Here we start working in R and get familiar with RStudio and some basic commands. These are the building blocks we'll be continuing to use later!
R works by creating and manipulating objects. We cover the kinds of objects and the functions we can run them through here.
We start getting comfortable with data frames and tibbles, the main way of handling data in R. And we'll need to be handling data!
In this lecture we start getting comfortable with manipulating data using the dplyr commands select(), filter(), and mutate().
We don't want to just look at raw data, we want to summarize it so we can make sense of it! Here we cover ways of describing the distributions of single variables.
You didn't think you were going to get away without doing a little data visualization, did you?
Most of what we do in econometrics has to do with not just one variable, but looking at how multiple variables interact. Let's do some of that.
What does it mean to "explain one variable with another" and how do we do it? There are many ways, of course, but conceptually they all boil down to variations on some simple concepts we'll be going over here.
If we want to understand whether our methods are actually capable of uncovering the data generating process, we need a situation where we know what the answer is so we can check it. How about we just make up our own?
This is just a recap lecture for the programming content of the course before the midterm.
This lecture introduces the fundamental problem of identifying causal effects from observational data.
We will be representing our underlying models using causal diagrams. This lecture goes over what those are and how they work.
And of course we need to be able to get the models in our own heads down on paper too, right? We need to know how to draw our own causal diagrams.
What keeps us from just being able to look at correlations in the data and call them causal? Why, it's those nasty back doors. What are they and how can we find and close them?
We need a little muscle memory in order to be able to put models down on paper. Let's do the work.
An important part of causal inference is being able to close back doors by controlling for variables. How does that work? When should we do it, and when shouldn't we? What are "colliders"?

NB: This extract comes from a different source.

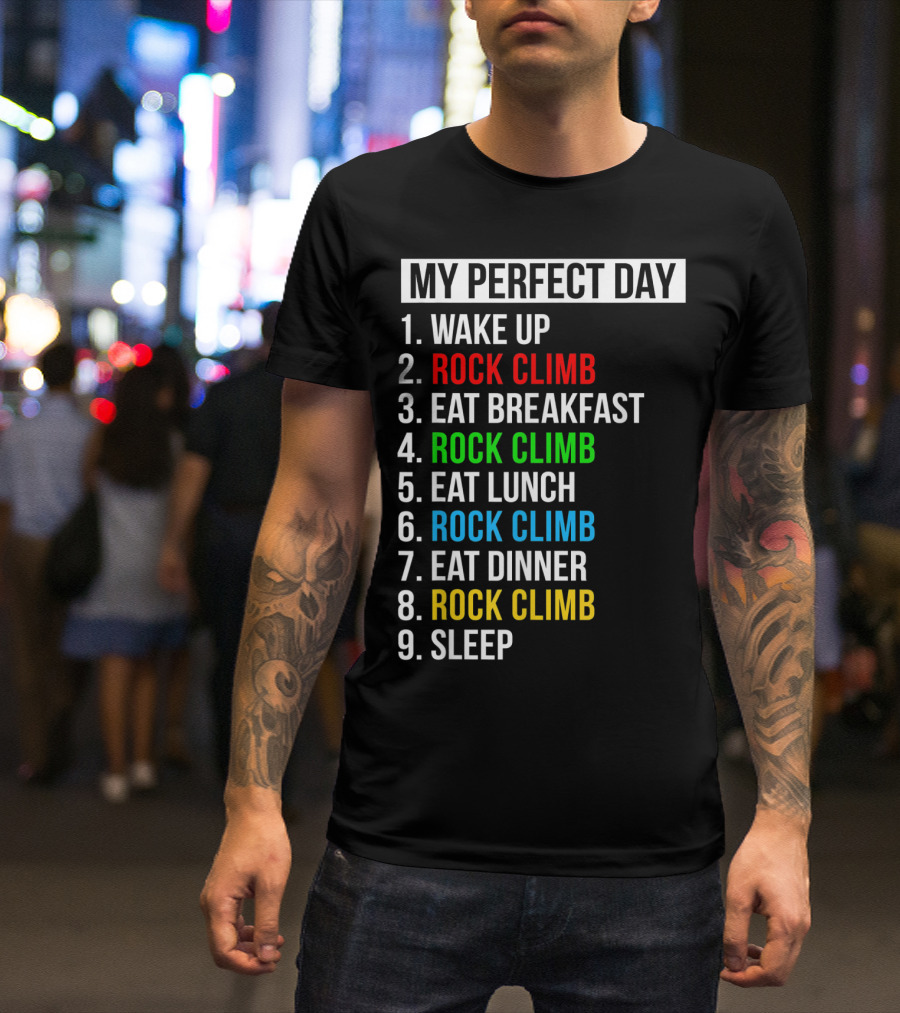My Perfect Day Wake Up Rock Climb Eat Breakfast Rock Climb Eat Lunch Rock Climb Eat Dinner Rock Climb Sleep T-Shirt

Now we're starting to get into the standard econometrician's toolbox. How can you possibly measure everything you need to control for? You can't! But sometimes you can control for things that you can't measure. That's where fixed effects comes in.
A major concept in causal inference is the idea that we're comparing a "treated" and an "untreated" group. What do we mean by that, and is it possible to create those groups artificially using matching?
One of the most important tools for econometricians is difference-in-differences, where you compare a treated and untreated group across time to isolate a causal effect.
It's hard to find a treatment and control group that are really the same except that one got treatment. One way you can do it is by finding two groups standing just next to each other when the scimitar cleaves juuuust between them.
I've thrown a lot of tools at you in the past few weeks. Let's take a chance to slow down and try to apply them.
One last tool for the toolbox: instrumental variables. It's like something out in the world did the randomization in our experiment for us!
When should we use IV? When should we trust it? When should we use something else from the toolbox?
Just a review period before the causal inference midterm. We'll be covering again, and practicing, the methods and material we've gone over so far.
We've been explaining one variable with another all term. One common high-octane way of doing this is with regression. We'll cover regression conceptually, as a preview of future classes, and see what it can do for us to aid our causal inference.
We apply regression to all of our causal inference methods here, and even get a little peek at some other ways of explaining with machine learning.